No doubt those responsible for running Lloyd's honestly believed they were acting in the best interests, not just of Lloyd's, but of the City and of Britain itself. Indeed, in a confused sort of way they came close to identifying themselves with the country.
By trying to hang on to an Edwardian dream of national greatness, they ended up not only losing their friends an awful lot of money, but also bringing the country and its institutions into considerable disrepute. Anyone who doubts that might take a look at an American website called "Lliars of London", now renamed "The Truth About Lloyd's". This presents a harshly unfriendly view, not only of Lloyd's, but also of British institutions generally.
Its contributors are particularly cross that Lloyd's insists that its Names must agree to litigate in Britain. What US citizens find in English courts, it says, for example, is that "they have been reduced to being British colonial subjects again."
The British courts, these American litigants baldly state, "are there to carry out the will of the establishment, protecting the interests of the British social and financial oligarchy".
Whether or not you buy that, Lloyd's is on the rocks. The number of individual Names has fallen from over 32,000 to under 4,000. Corporate capital now supplies more than 70% of the market's financial capacity. At best, Lloyd's will soon be utterly changed.
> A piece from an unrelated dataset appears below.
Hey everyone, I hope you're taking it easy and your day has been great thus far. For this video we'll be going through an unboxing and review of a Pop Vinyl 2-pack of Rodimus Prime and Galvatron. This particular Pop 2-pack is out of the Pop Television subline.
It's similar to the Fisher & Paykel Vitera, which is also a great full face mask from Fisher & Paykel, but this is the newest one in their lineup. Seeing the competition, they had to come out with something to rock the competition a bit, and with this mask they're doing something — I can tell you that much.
At worst, it is quite possible that it will simply disappear, or become one of those vestigial institutions whose "greatness" we go on about for decades after they have ceased to be great by any objective standard.
The Lloyd's debacle simply could not have happened if business partners, investors, clients, the media, regulators, journalists and the general public had been allowed to know more, and to know it in good time. A society that insists on blundering around in the dark is always going to stub its toes on the sharp corners of the bedroom furniture.